The handing out of grants from a new Craven District Council fund has stalled after councillors disagreed over who should get what.

Five projects, including one to create workspace at the former Ingleton Middle School, had been recommended by the council’s community grants sub-committee to receive the money.

But the council will now reconsider all applications at a special meeting in January.

The committee was also told that senior officers had encouraged one outside organisation to apply for a grant in order to run the council’s bulky waste service.

Coun Paul English (Lib Dem), volunteer treasurer of Craven Recycled Furniture Store, told councillors that he had been stunned to learn it had not been recommended to receive a grant.

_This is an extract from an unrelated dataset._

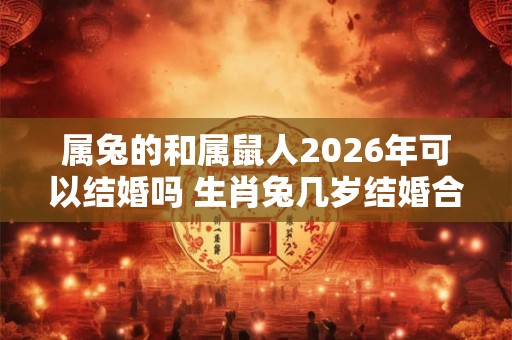 属兔的和属鼠人2026年可以结婚吗 生肖兔几岁结婚合适 属兔的和属鼠人2026年可以结婚吗 生肖兔几岁结婚合适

Coun English, who was speaking at the meeting as a member of the management board, claimed that the organisation had been “courted” by senior officers with a view to taking on the council-run service.

It had applied for a grant of £57,000 towards the £129,000 project, with most of the remaining money coming from projected income.

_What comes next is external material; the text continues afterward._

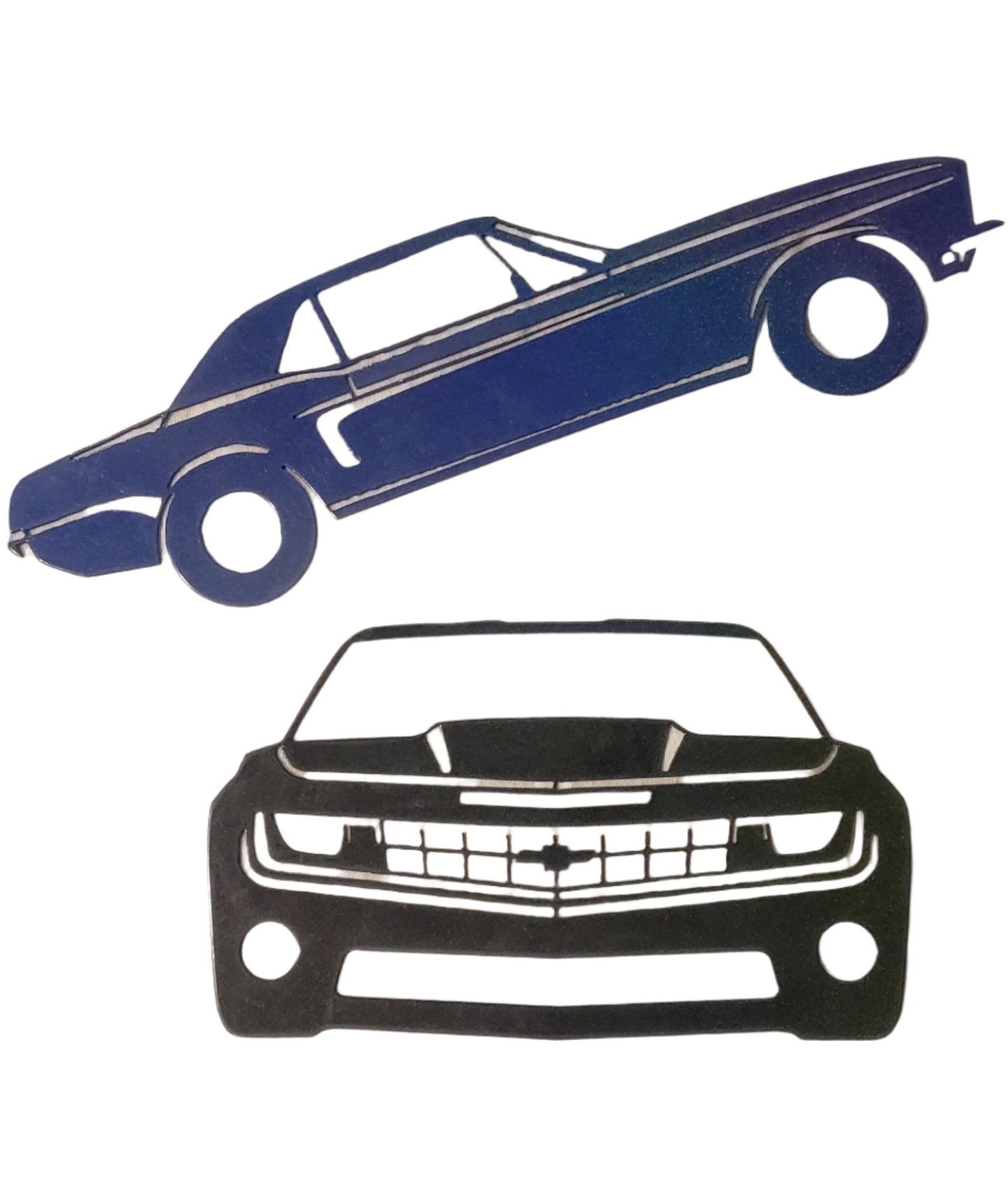 Mustang and Camaro wall art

“After five months of meetings with senior officers of the council, we believed we were in a good position, but now we feel like a bride left at the altar,” he said.

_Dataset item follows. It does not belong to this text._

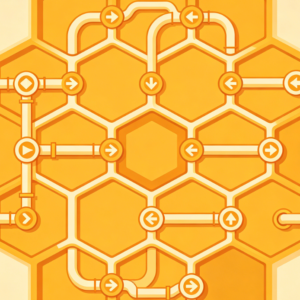 Hexagonal Irregular Grid Connection Pack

He said it was his opinion that the project had fulfilled most of the criteria and had been stunned when it had received a zero rating for some areas, such as community benefit.

The working group of the grants sub-committee, which has spent several weeks considering the applications of 16 groups and organisations, recommended that the project should not be supported. It further recommended that the matter of the future of the bulky waste service should be referred to the council’s policy committee.

The grants would come from the localism reserve fund, one of three council reserves for the investment of its New Home Bonus – a Government payment for every new home and property brought back into use.

The meeting also heard from Roger Beck of The Coulthurst Craven Sports Centre (Sandylands), which had its grant application rejected by the working group.

The centre wanted £10,000 towards a £25,740 project to install solar panels, but it was deemed not in the spirit of the fund, which is to support innovative projects.

Mr Beck said the solar panels would significantly reduce the centre’s costs, allowing it to invest elsewhere for the benefit of everyone in the community.

Sharon Hudson, the council’s communication and partnerships manager, told the committee that the localism fund had not been set up to support existing projects, but to support innovative new ones.

She said the working group realised it would receive many applications for ongoing projects, but the intention was to encourage innovation in Craven.

The five groups which had been recommended to receive money were: Ingleton Middle Community Interest’s i-Centre; Craven College’s Full Circle Craven project; Craven Connects; Building a Better Bentham; and Online Retail Business Growth Programme.